Blake uses Biblical allusions to further subdue the notion of the divine virtues. The speaker states that when society accepts the ideas of the innocent poem, the result is a “cruel society that traps the innocent” (Ferber 13). Blake uses the symbol of the Tree of Mystery in the last four stanzas. This tree is derived from the “tree of the knowledge of good and evil, of which Adam and Eve ate the fruit, as told in Genesis 2:9” (Marsh 42). Blake incorporates another biblical allusion when the Tree becomes so large that it spreads everywhere and blocks the sun to produce “a dismal shade / Of Mystery.” “In the Book of Revelation 17:5, the Whore of Babylon is assumed to be called Mystery.” The speaker also adds that “the Caterpillar and Fly,” which Blake uses to symbolize “organized religion”, feed on this Tree (Gleckner 38-39).

In the fifth stanza, the narrator explains what the Tree of Mystery produces: deceit. Blake uses the image of the growth of the Tree “to describe the advanced stages of deception” (Marsh 36). Like the tree of the knowledge of good and evil, the deceit is tempting and lures people in under its spell. It appears to have everything that people need, but the Raven, a symbol of death, lives in the thickest part of the tree. The further and further that humanity is dragged into this deceit, the closer to death they become. In the last stanza, the most frightening point is made; the Tree of Mystery grows inside the human mind. The final statement refers to the human capacity to create false structures of belief through “excessive use of the rational part of the mind” (Erdman 21).

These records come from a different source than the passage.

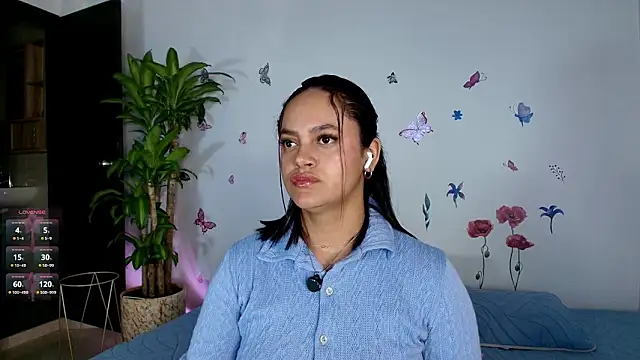 Snapshot of VICTORIABLACK_@xh chatting on February 14, 2026, 9:06 am VICTORIABLACK xh online show from February 14, 2026, 9:06 am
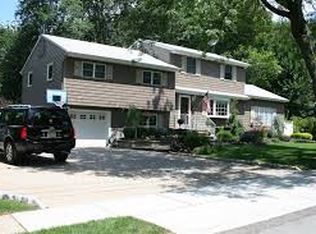 268 North Blvd, Saddle Brook, NJ 07663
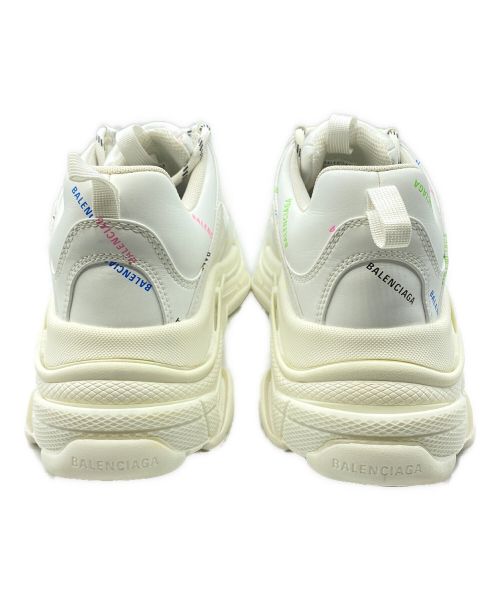 BALENCIAGA（バレンシアガ）BALENCIAGA (バレンシアガ) TRIPLE S ホワイト サイズ:42の古着・服飾アイテム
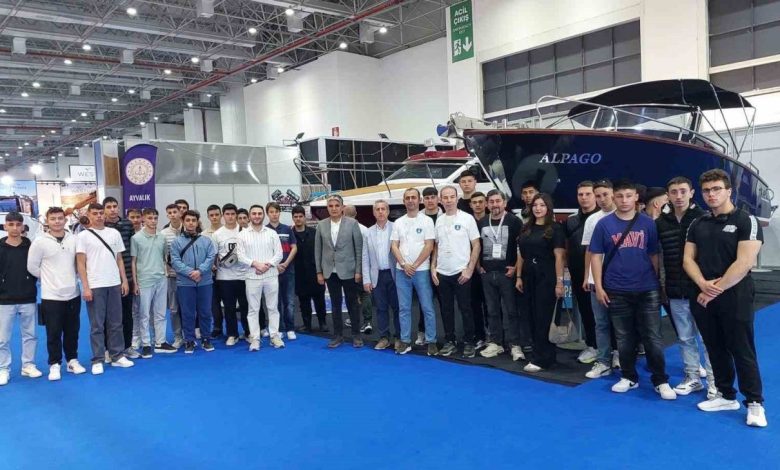 ayvalik denizcilik lisesi mast izmir boatshow fuarinda 226750afb212 |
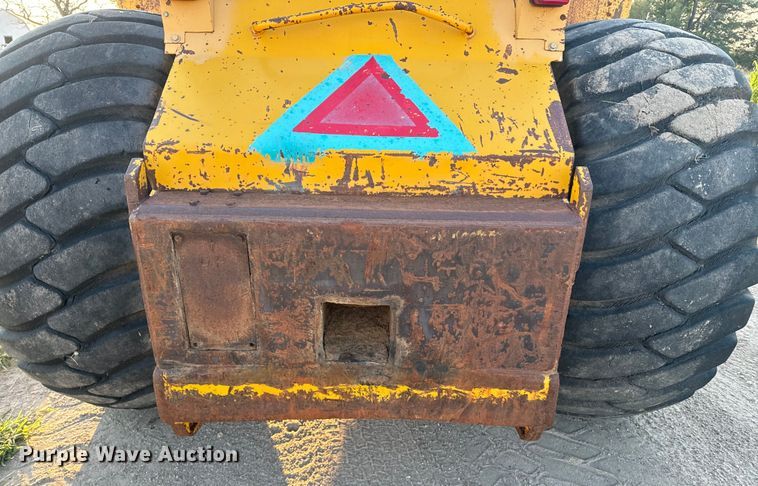 image for item DQ6946 1984 John Deere 762A elevating scraper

“The Human Abstract” and “A Divine Image” offer opposing views on the virtues Mercy, Pity, Peace and Love. The speaker in “A Divine Image” states that society prays to the virtues in times of need, and also thank them for all of the world’s blessings. In contrast, “The Human Abstract” exposes how the virtues would not exist if not for the suffering of others. All is not lost, however, as Erdman interprets the last line to mean that “the ‘Human Brain’ can choose to make the world the glorious place it implicitly is, but also can create a falsely isolated and consequently fallen world” (31). Although Blake would later develop a mythological system to convey his ideas, these two poems contain the essence of his vision in stark simplicity: “his opposition to any philosophy or creed that diminishes man’s capacity to enjoy the unbounded bliss that is his birthright” (Gleckner 43).